Quando o hóspede entra no quarto em um hotel, o funcionamento de todos os equipamentos já foram checados e as instalações verificadas. Tudo isso para que o hóspede tenha todo o conforto e o máximo de aproveitamento durante sua estadia.
Mas, e se ao invés de hotel, o local fosse um hospital, e ao invés de hóspede, paciente? Estranho? Nem um pouco. A prática rotineira em procedimentos de qualquer bom hotel já pode ser encontrada hoje também em bons hospitais. Caso, em Londrina, do Hospital Evangélico, que em parceria com o curso de Turismo e Hotelaria da Unopar está implantando as rotinas da Hotelaria Hospitalar.
Desde o início do ano passado, dois projetos do curso têm como objetivo levar para dentro do hospital práticas parecidas com a da hotelaria clássica, ambos coordenados pelas professoras Daniela Lehmann e Maria Alice Valente Gomes Crespi. “É claro que em um hotel é mais fácil agradar o cliente, afinal ele vai porque quer. Justamente por isso é tão importante a humanização do atendimento no hospital. Para o paciente, que não está bem, e para seu acompanhante, que está bem e vendo tudo,
pode ficar a recordação de que foram bem atendidos. As pessoas estão ficando cada vez mais exigentes e querem o que há de melhor nos procedimentos hospitalares, mas também em atendimento de qualidade”, ressalta Daniela.
O primeiro projeto, “Qualidade de Atendimento no Setor de Governança e Recepção do Hospital Evangélico de Londrina”, começou a organizar os procedimentos de inspeção nos apartamentos. Sempre que um paciente recebe alta, e antes que outro paciente seja internado, os estagiários verificam se tudo está funcionando no quarto, desde a cama até chuveiros e torneiras.
Outro foco desse projeto, segundo Daniela, é reforçar o comprometimento dos funcionários, e para isso foram realizadas palestras de conscientização durante o último ano. “É importante que o funcionário esteja preocupado com a resolução dos problemas, ou seja, se ele detectou algo errado, passa para a manutenção e depois verifica se foi feito”, explica.
O segundo projeto, “Implantação de Controle e Rotina de Trabalho no Setor de Governança do Hospital Evangélico”, está fazendo a contagem do inventário de enxoval. Tudo isso para implantar um sistema de controle periódico da rouparia, entre uniformes, lençóis e toalhas, o quanto se perde e o quanto se desgasta pelo uso.
O próximo objetivo será verificar como são utilizados os produtos de limpeza e se há necessidade de também implantar procedimentos de controle. “Tivemos condição de vislumbrar melhor o que estávamos vivendo e despertar para algumas coisas.
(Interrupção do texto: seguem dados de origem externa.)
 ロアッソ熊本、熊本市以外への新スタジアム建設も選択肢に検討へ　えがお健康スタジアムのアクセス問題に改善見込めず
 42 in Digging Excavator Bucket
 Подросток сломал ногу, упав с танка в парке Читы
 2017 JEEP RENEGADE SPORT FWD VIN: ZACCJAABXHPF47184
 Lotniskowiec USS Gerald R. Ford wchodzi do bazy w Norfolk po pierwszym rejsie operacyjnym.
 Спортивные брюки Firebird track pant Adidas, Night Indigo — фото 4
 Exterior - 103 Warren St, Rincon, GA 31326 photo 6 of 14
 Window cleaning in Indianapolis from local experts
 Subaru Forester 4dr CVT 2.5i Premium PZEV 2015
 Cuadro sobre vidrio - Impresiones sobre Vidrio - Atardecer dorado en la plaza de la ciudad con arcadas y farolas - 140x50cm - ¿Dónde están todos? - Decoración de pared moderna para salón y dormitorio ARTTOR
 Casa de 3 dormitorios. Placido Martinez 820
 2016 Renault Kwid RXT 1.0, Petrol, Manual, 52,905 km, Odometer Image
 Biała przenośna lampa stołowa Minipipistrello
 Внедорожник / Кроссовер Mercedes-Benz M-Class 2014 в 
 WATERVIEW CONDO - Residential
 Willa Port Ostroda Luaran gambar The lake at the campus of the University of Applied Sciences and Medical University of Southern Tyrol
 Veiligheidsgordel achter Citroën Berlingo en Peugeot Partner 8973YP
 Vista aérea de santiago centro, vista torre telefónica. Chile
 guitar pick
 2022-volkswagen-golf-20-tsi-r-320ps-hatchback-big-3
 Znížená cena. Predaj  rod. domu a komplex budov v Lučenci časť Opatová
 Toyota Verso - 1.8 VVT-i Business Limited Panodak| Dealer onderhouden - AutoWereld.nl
Isso permitiu que viabilizássemos com mais rapidez nosso serviço e a tendência é melhorar”, enfatiza a gerente de serviços gerais e hotelaria do Hospital Evangélico, Vera Lúcia Cruz Batista.
Segundo Daniela, a atividade é mais um dos segmentos da Hotelaria que o profissional pode seguir. “Para o aluno é importante, é um mercado de trabalho que está se abrindo. Em São Paulo, por exemplo, grandes hospitais, como o Albert Einstein, contam com pessoas específicas trabalhando nesse setor. Em Londrina, o Evangélico é o primeiro hospital de grande porte a se preocupar com isso”, afirma. Participam do projeto de cinco a seis alunos por vez, durante cerca de cinco semanas ou até que se complete a carga horária de estágio (100 horas).